Objective: The purpose of this study was to compare the efficacy of two protocols for active management of labor at term in the presence of an unfavorable cervix.
Study Design: Pregnancies that underwent labor induction at > or =37 weeks of gestation with an unfavorable cervix (Bishop score, < or =6) were randomly assigned to receive vaginally either a single dose of sustained-release dinoprostone (Cervidil) with concurrent low-dose oxytocin or multidosing of misoprostol (25 microg every 4 hours) followed by high-dose oxytocin. The primary outcome was the time interval from induction to vaginal delivery. Other parameters included excess uterine activity and cesarean delivery rates.
Results: A total of 151 patients (dinoprostone, 74 patients; misoprostol, 77 patients) were enrolled. The mean time from the initiation of induction to vaginal delivery was the same in the dinoprostone and misoprostol groups (15.7 hours; 95% CI, 13.7-17.7 hours vs 16.0 hours; 95% CI, 14.1-17.8 hours; P=.34), regardless of parity.

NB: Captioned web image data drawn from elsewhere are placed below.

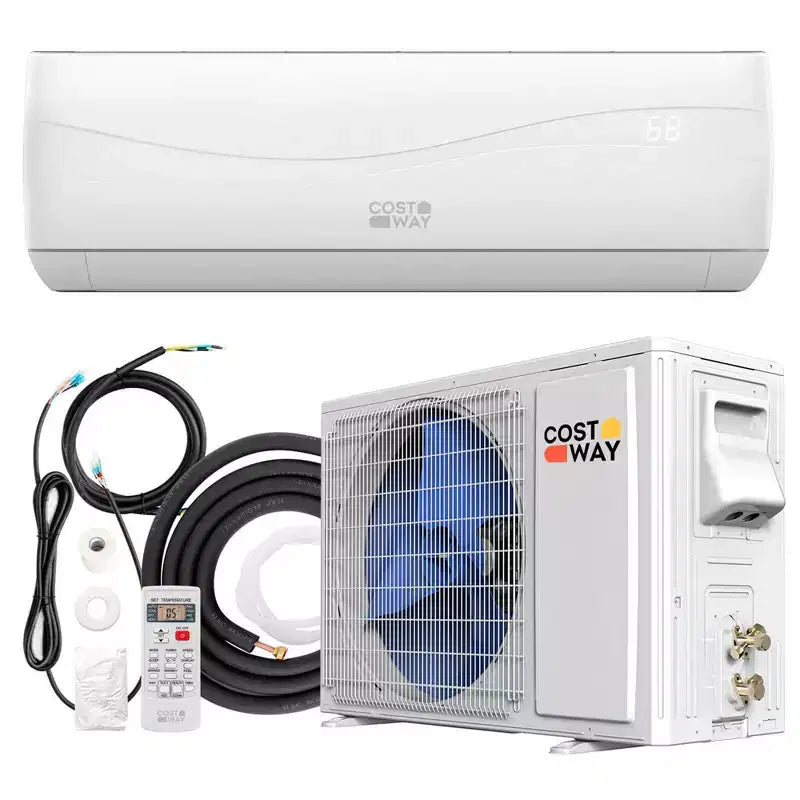 Climatiseur et Chauffage Mini Split Costway 18000 BTU 19 SEER2 Couverture 116 m²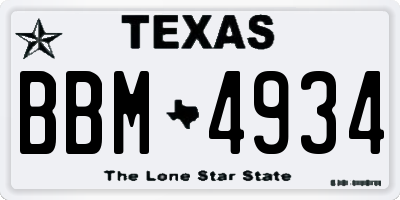 TX license plate BBM4934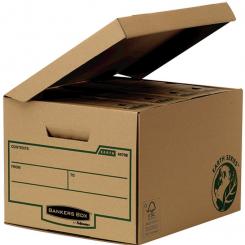 BANKERS BOX Pack de 10 Contenedores de archivos con tapa fija con montaje manual FSC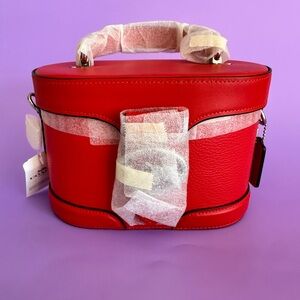 Coach Georgie Gem Red Structured Top-Handle Shoulder Bag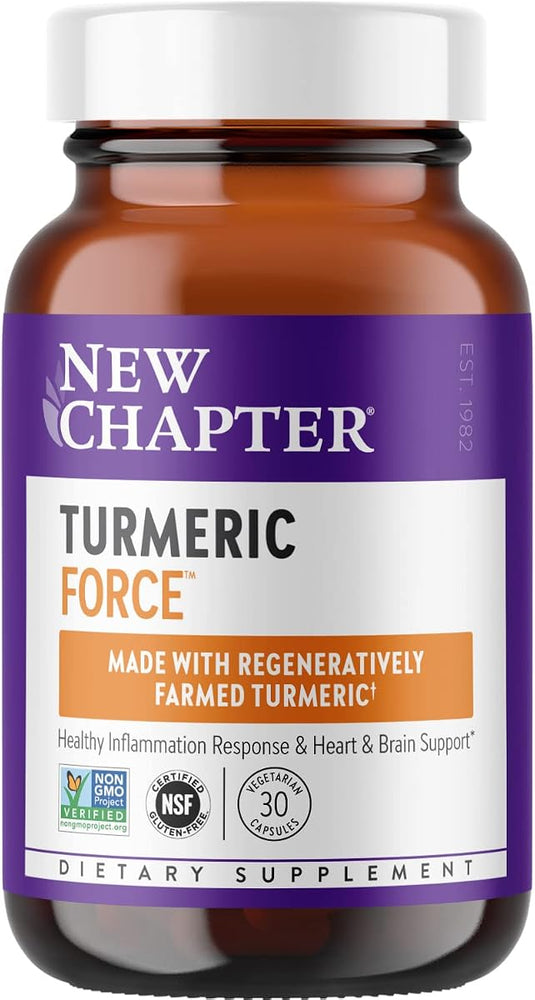 New Chapter Herbal & Ayurvedic Turmeric Force - 30 Vegetarian Capsules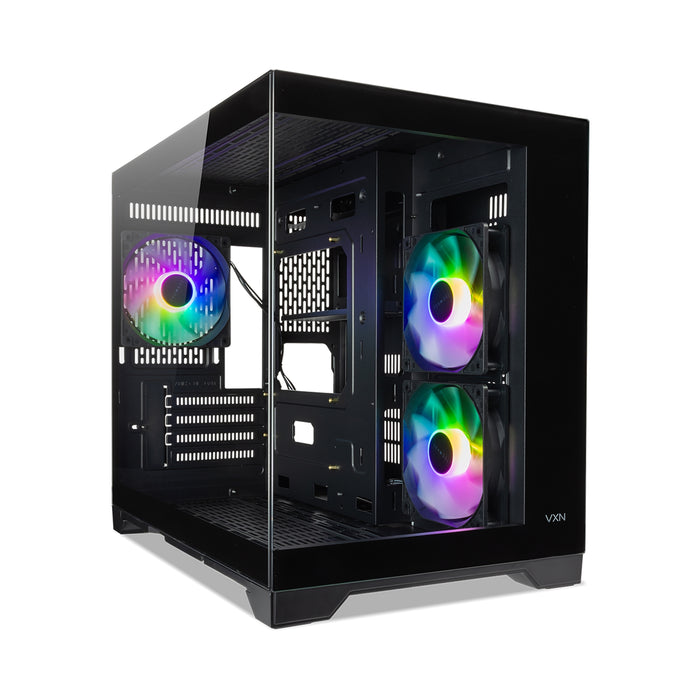 TecWare VXN Evo mATX Case – Dual Chamber, 3 ARGB Fans, Glass, USB-C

The dinoprostone and misoprostol groups did not differ statistically in the percent of patients who were delivered vaginally by 12 hours (36.2% vs 29.7%), 18 hours (63.8% vs 56.3%), and 24 hours (81.0% vs 81.3%). Excess uterine activity was not more common in either group, and hyperstimulation syndrome was absent in all cases. Primary cesarean delivery rates were similar (dinoprostone, 21.6%; misoprostol, 16.9%; relative risk, 1.3; 95% CI, 0.7-2.5), with a failed induction that occurred in one case in each group.
Conclusion: Sustained-release dinoprostone with concurrent low-dose oxytocin and intermittent misoprostol with delayed high-dose oxytocin are effective alternatives for active management of labor with an unfavorable cervix.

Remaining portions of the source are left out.